Idaho was the most difficult part of their journey. On Aug. 12, 1805, Lewis climbed to the summit of the Lemhi Pass, and where he expected to discover a river or plains extending to the Pacific, he became the first white man to see the daunting mountains of Idaho. It was there, near what is now the town of Tendoy, that Jefferson´s dream of an easy water route to the Pacific succumbed to the realities of geography.

“You can´t tell the story of Lewis and Clark without the incredible story of crossing the mountains,” Imhoff said. “You can´t tell it without including the moment when Lewis looked out expecting to see his route to the Pacific and instead he saw Idaho. … Idaho plays an incredible role on a lot of levels. It´s absolutely pivotal to the Lewis and Clark story.”
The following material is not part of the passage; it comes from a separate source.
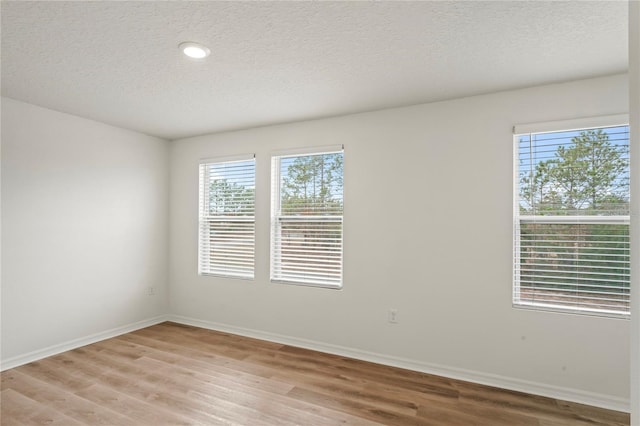 spare room featuring light wood-type flooring and a textured ceiling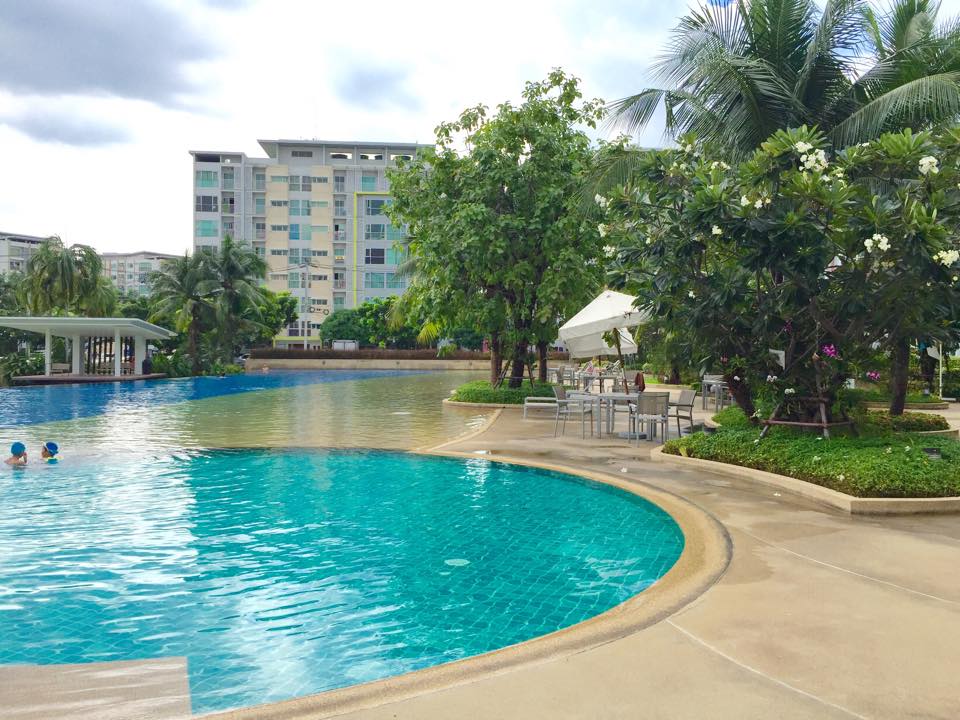 The image depicts a large swimming pool surrounded by lush greenery, including palm trees and flowering plants. Sun loungers and shaded seating areas are visible, inviting relaxation. The pool area is separated into shallower and deeper sections, with residents enjoying the water on a calm day.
Idaho also will play a role in the bicentennial kickoff at Monticello. Celeste Becia of the Idaho Department of ommerce says the state will have “30 to 40 people there, representing the Commerce Department, the Historical Society, the governor´s Lewis and Clark committee, the Forest Service and Bureau of Land Management in Idaho, and local Lewis and Clark organizations from towns throughout the state.”

Two thousand Idaho-shaped Lewis and Clark pins will be distributed to visitors to Idaho´s booth, and the exposition´s largest exhibit will be from Idaho. Fashioned by Cottonwood artists Dennis Sullivan and Frances Conklin, it´s an 80-foot chain-saw carving of the expedition as experienced by “Seaman,” Meriwether Lewis´ dog.

Four governors, Interior Secretary Gale Norton, documentary filmmaker Ken Burns, and Tex Hall, president of the National Congress of American Indians, will be among those attending Saturday´s kickoff. President Bush has been invited. A capacity crowd of 4,000 is expected for the ceremonies, which will be held on the lawn of Jefferson´s Monticello home.

“It´s interesting how much the Lewis and Clark story is striking a chord with Americans today,” Imhoff said. “The Chicago Tribune does a month-by-month countdown of the hip things to do in the world. In January of 2003, the hip place to be is Monticello.”